*** DATA EXTRACTS Section Begins ***

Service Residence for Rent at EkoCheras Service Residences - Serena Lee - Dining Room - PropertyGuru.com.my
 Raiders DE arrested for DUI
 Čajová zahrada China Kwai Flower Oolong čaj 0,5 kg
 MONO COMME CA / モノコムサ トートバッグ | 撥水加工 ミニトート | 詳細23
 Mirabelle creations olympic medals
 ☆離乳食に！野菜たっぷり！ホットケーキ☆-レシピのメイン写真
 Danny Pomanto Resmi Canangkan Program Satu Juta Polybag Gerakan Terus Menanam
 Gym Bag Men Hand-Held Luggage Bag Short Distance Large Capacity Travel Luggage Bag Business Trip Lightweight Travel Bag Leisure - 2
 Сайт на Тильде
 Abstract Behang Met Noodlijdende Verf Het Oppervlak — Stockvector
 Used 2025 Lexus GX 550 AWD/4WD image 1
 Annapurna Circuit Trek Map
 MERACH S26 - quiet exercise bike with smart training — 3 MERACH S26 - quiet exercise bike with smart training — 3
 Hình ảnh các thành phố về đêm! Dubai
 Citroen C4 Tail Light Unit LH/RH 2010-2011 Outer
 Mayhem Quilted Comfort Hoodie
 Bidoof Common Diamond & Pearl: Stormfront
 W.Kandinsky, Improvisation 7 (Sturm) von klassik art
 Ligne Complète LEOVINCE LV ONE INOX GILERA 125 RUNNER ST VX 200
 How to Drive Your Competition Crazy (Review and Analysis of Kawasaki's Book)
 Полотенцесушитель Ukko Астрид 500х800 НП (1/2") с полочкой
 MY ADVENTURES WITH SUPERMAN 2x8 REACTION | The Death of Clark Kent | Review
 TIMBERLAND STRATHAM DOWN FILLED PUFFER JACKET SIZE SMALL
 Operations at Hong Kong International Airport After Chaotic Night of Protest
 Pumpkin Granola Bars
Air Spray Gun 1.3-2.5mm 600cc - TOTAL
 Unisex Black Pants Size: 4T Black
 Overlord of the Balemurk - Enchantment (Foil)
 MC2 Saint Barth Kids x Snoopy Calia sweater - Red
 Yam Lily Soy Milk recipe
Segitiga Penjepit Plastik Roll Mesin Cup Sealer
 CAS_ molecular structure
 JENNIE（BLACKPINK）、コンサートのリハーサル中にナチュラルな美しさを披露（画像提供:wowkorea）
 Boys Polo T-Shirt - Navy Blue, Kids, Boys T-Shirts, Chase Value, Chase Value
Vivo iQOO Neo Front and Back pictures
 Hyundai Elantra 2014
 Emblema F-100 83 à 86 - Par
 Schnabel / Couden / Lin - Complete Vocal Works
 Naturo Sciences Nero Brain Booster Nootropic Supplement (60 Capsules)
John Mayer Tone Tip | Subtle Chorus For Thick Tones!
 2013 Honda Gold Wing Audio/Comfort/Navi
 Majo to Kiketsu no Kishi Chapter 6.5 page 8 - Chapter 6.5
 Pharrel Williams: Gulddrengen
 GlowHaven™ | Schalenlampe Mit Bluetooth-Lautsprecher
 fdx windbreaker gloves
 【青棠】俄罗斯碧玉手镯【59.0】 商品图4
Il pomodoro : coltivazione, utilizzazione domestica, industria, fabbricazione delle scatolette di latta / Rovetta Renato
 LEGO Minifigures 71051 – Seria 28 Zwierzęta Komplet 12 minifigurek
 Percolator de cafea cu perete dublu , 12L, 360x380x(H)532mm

*** DATA EXTRACTS Section Ends ***

_EXERCISE DIRECTIONS_
Every entry needs to be copied exactly as it was written.

_YOUR RESPONSE_
Service Residence for Rent at EkoCheras Service Residences - Serena Lee - Dining Room - PropertyGuru.com.my
 Raiders DE arrested for DUI
 Čajová zahrada China Kwai Flower Oolong čaj 0,5 kg
 MONO COMME CA / モノコムサ トートバッグ | 撥水加工 ミニトート | 詳細23
 Mirabelle creations olympic medals
 ☆離乳食に！野菜たっぷり！ホットケーキ☆-レシピのメイン写真
 Danny Pomanto Resmi Canangkan Program Satu Juta Polybag Gerakan Terus Menanam
 Gym Bag Men Hand-Held Luggage Bag Short Distance Large Capacity Travel Luggage Bag Business Trip Lightweight Travel Bag Leisure - 2
 Сайт на Тильде
 Abstract Behang Met Noodlijdende Verf Het Oppervlak — Stockvector
 Used 2025 Lexus GX 550 AWD/4WD image 1
 Annapurna Circuit Trek Map
 MERACH S26 - quiet exercise bike with smart training — 3 MERACH S26 - quiet exercise bike with smart training — 3
 Hình ảnh các thành phố về đêm! Dubai
 Citroen C4 Tail Light Unit LH/RH 2010-2011 Outer
 Mayhem Quilted Comfort Hoodie
 Bidoof Common Diamond & Pearl: Stormfront
 W.Kandinsky, Improvisation 7 (Sturm) von klassik art
 Ligne Complète LEOVINCE LV ONE INOX GILERA 125 RUNNER ST VX 200
 How to Drive Your Competition Crazy (Review and Analysis of Kawasaki's Book)
 Полотенцесушитель Ukko Астрид 500х800 НП (1/2") с полочкой
 MY ADVENTURES WITH SUPERMAN 2x8 REACTION | The Death of Clark Kent | Review
 TIMBERLAND STRATHAM DOWN FILLED PUFFER JACKET SIZE SMALL
 Operations at Hong Kong International Airport After Chaotic Night of Protest
 Pumpkin Granola Bars
Air Spray Gun 1.3-2.5mm 600cc - TOTAL
 Unisex Black Pants Size: 4T Black
 Overlord of the Balemurk - Enchantment (Foil)
 MC2 Saint Barth Kids x Snoopy Calia sweater - Red
 Yam Lily Soy Milk recipe
Segitiga Penjepit Plastik Roll Mesin Cup Sealer
 CAS_ molecular structure
 JENNIE（BLACKPINK）、コンサートのリハーサル中にナチュラルな美しさを披露（画像提供:wowkorea）
 Boys Polo T-Shirt - Navy Blue, Kids, Boys T-Shirts, Chase Value, Chase Value
Vivo iQOO Neo Front and Back pictures
 Hyundai Elantra 2014
 Emblema F-100 83 à 86 - Par
 Schnabel / Couden / Lin - Complete Vocal Works
 Naturo Sciences Nero Brain Booster Nootropic Supplement (60 Capsules)
John Mayer Tone Tip | Subtle Chorus For Thick Tones!
 2013 Honda Gold Wing Audio/Comfort/Navi
 Majo to Kiketsu no Kishi Chapter 6.5 page 8 - Chapter 6.5
 Pharrel Williams: Gulddrengen
 GlowHaven™ | Schalenlampe Mit Bluetooth-Lautsprecher
 fdx windbreaker gloves
 【青棠】俄罗斯碧玉手镯【59.0】 商品图4
Il pomodoro : coltivazione, utilizzazione domestica, industria, fabbricazione delle scatolette di latta / Rovetta Renato
 LEGO Minifigures 71051 – Seria 28 Zwierzęta Komplet 12 minifigurek
 Percolator de cafea cu perete dublu , 12L, 360x380x(H)532mm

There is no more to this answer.